One of the most illuminating sets of articles is on "Russian-Iranian Cooperation." Although Russia and Iran are commonly viewed in the West as allies, the articles in this section express a generally negative Russian view of Iran. In an April 2016 article published in Kommersant, for example, Sergei Strokan and Maksim Yusin noted several differences in Russian and Iranian policy. These included Moscow's emphasis on preserving the Syrian state, and not necessarily Assad's rule, compared to Tehran's aim "to keep President Assad and his inner circle in power." They conclude that this has resulted in key Syrian leaders "paying more attention to Tehran than to Moscow" (p. 192). Stroken and Yusin also portrayed Iran as unwilling to compromise in oil-producing-country efforts to restrict production in order to support prices. In addition, Fyodor Lukyanov (one of the most prominent Russian foreign-policy experts in Moscow) stated bluntly, "Russia and Iran are not allies," and that "there is no single and unequivocally positive view of Moscow in Iranian expert and political circles" (p. 205). Russians, then, see the Russian-Iranian relationship as complex and difficult.

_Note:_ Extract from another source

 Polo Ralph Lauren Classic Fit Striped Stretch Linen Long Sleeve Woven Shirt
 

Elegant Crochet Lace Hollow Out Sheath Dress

Russian authors express genuine confusion about U.S. policy in Syria. They saw the Obama administration and now see the Trump administration as wanting to avoid getting involved in another quagmire. Sometimes, though, the United States undertakes military actions there suggesting it has changed its mind, but then does not follow these up. Yet, while the United States is generally seen as making matters more difficult for Russia in Syria, it is not seen as an implacable opponent there either.

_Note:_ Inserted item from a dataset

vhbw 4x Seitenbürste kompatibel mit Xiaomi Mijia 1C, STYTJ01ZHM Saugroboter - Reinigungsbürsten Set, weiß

The articles presented in the book are divided into 16 different subject sections, each of which begins with a thorough summary of its highlights. There are also 67 useful notes at the end adding context to various points made in the Russian articles. A welcome addition to the book is that it has an index — something that The Current Digest of the Russian Press does not have. This is a sore point for those of us who remember the excellent quarterly and annual indexes that its predecessors, The Current Digest of the Soviet Press and The Current Digest of the Post-Soviet Press, used to publish before the latter was taken over by East View Press.
In addition to the main index, there is also a newspaper and author index. This, however, is organized by publication followed by the authors whose articles appeared in it. But some of the authors' articles were published in more than one place, and so are listed separately. It would have been more helpful to have an index that listed authors once alphabetically with references to all of their publications included in the one entry.
Overall, though, this volume performs an important service in making the diversity of Russian press coverage on the war in Syria available in English. While there are those in the West who think that Moscow has basically won that war, what this collection shows is that Russian observers see the Syrian conflict as extremely complex and filled with perils for Russia. With the conflict in Syria likely to continue, there will undoubtedly be enough material for a sequel to this volume — something East View Press should definitely publish.